For BACB, this means creating a company-wide cultural shift that starts with celebrating and valuing women in the workplace.

One of the key initiatives introduced at BACB as part of their Diversity & Inclusion work is the Women’s Network, an internal scheme that encourages female empowerment and inclusion across every level of the bank. Dolunay speaks passionately about how the network was built upon promoting women into senior leadership positions by developing them, both professionally and personally.

In a bid to support the professional development of colleagues, the Women’s Network aims to provide training and development initiatives across the company and moreover, has facilitated BACB to join the Women in Business & Finance (WIBF) mentoring scheme. This allows ten BACB employees to be mentored by senior industry experts in a range of skills and competencies, as well as helping them to gain valuable connections and industry insights. The programme also allows an unlimited number of BACB staff to volunteer as mentors for other staff in the industry, with many of the bank’s senior executive team having already signed up. Demonstrating the significance of the network’s goals, CEO Eddie Norton signed up as a mentor on the WIBF programme, proving his commitment to the professional development of employees both internally and externally.

Furthermore, it aims to embed networking opportunities for women in company culture, holding inclusive sessions during the working day, deliberately catering for those with other responsibilities that may prevent them from attending impromptu after-work social events.

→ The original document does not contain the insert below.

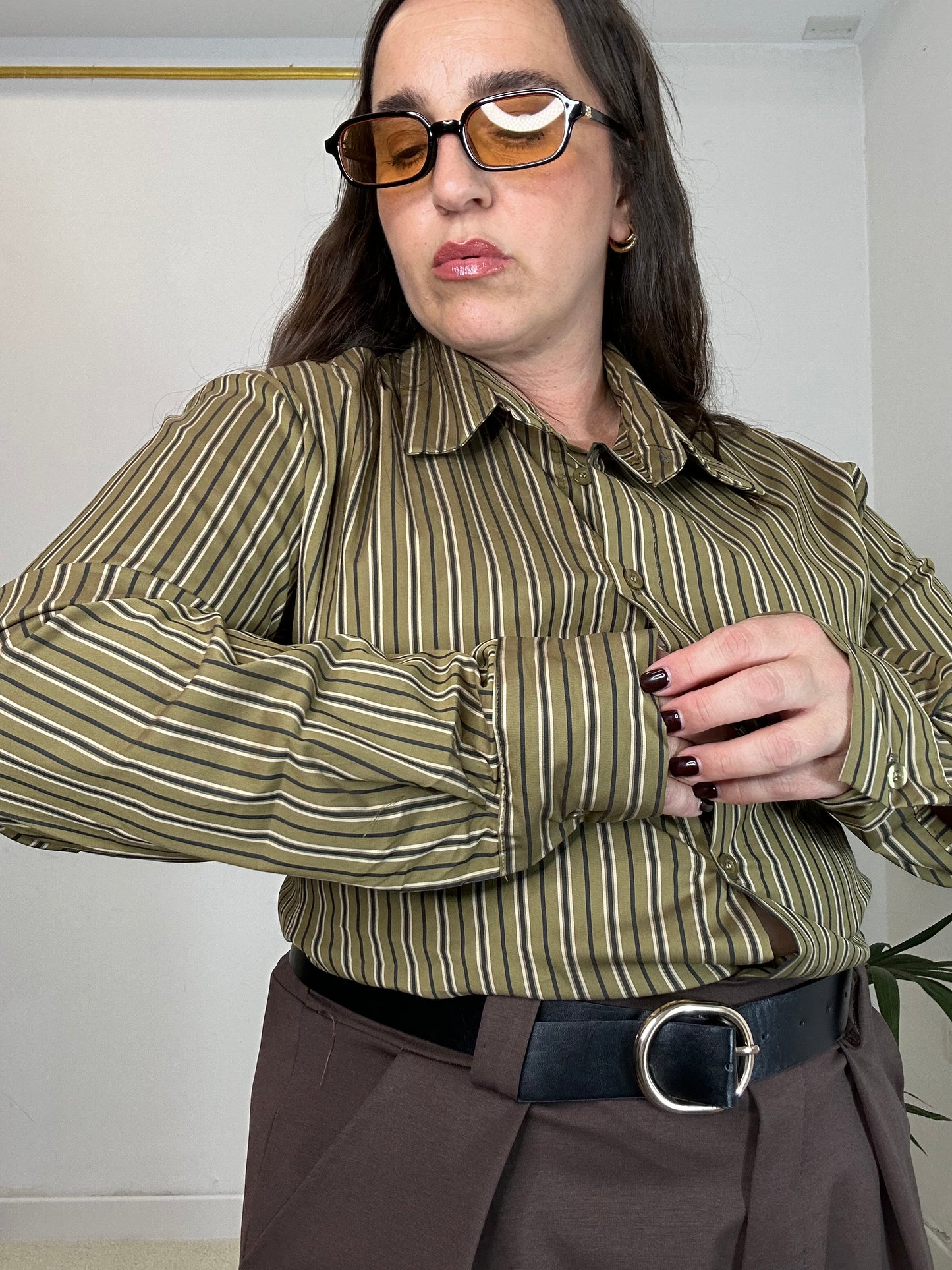 CAMICIA RIGHE DUE COLORI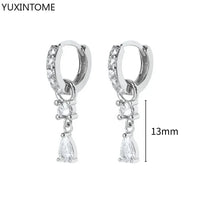 White crystal earrings (925)AzizaK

As well as these practical, business-focused objectives, the network aims to create a safe space for women to discuss often overlooked issues, supporting an already-established culture of openness and trust within the company. The inclusive scheme reaches across genders, encouraging all members of the BACB team to rethink their approach to colleagues in the workplace and any unconscious bias they may harbour. To fully embrace the Diversity & Inclusion principles, it is critical that the senior male leadership have an awareness of their responsibility to both recognise and promote women to join them at the top table, providing them with an equal voice. So far, every network session has encompassed all genders, whose active participation reflects their commitment.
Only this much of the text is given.